Książka jest bardzo statyczna – akcja w stu procentach rozgrywa się w sali w której leży inspektor i głównie mamy do czynienia z dyskusjami Granta z dwoma salowymi, lekarzem, Martą Hallard i Brentem Carradinem – i właśnie Carradine zostaje tak zainspirowany tematem tych rozmów, że sam postanawia napisać książkę i zatytułować ją „Historia to bzdura”. Akcji tu praktycznie nie ma żadnej i dlatego myślę, że współczesny czytelnik może się przy niej solidnie wynudzić – ale ja zawsze mówiłem, że w dobrym kryminale najwięcej się dzieje wtedy, kiedy pozornie nic się nie dzieje. Siła tej książki tkwi właśnie nie w oszałamiającym tempie, zwrotach akcji czy niezliczonych kulminacjach ale w intrygujących dyskusjach, tajemniczości, ciekawym temacie, solidnej wiedzy historycznej, lekkim dowcipie, inteligentnej rozrywce i łagodnej krytyce powielania niepogłębionej wiedzy.

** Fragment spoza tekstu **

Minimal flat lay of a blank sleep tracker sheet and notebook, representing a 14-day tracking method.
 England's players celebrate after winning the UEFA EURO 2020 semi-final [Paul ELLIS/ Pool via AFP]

Josephine Tey napisała „Córkę czasu” w 1951 roku i mam wrażenie, że zrobiła to na fali panujących w Wielkiej Brytanii tendencji rehabilitujących Ryszarda III – do tego czasu jego wizerunek opierał się na nieprzychylnej biografii autorstwa Thomasa More’a i sztuce Williama Szekspira. Ale okazuje się, że to nie koniec tej historii – w 2021 roku pewien angielski historyk dostarczył dowodów na to, że Ryszard III może mieć jednak dużo wspólnego ze zniknięciem (zamordowaniem?) „książąt z Tower” – czyżby więc Marta Hallard miała rację mówiąc: „oto najsławniejszy zbrodniarz, jakiego zna historia, ale, moim zdaniem, ma twarz świętego”? Tak czy inaczej – jest to dobra i inteligentna rozrywka, która mimo swobodnej treści wymaga jednak pewnego skupienia; czytałem ją po pracy w pociągu i to nie było to, musiałem przysiąść do niej w domu i przy herbacie (angielskiej, rzecz jasna). A zaintrygowani tematem mogą poczytać o nim w internecie; angielskie strony piszą bardzo obszernie o Ryszardzie III i jego swoistej rehabilitacji, książętach z Tower i odkryciach współczesnych historyków – lojalnie jednak uprzedzam: to jest tak wciągające jak spacerowanie po bagnach.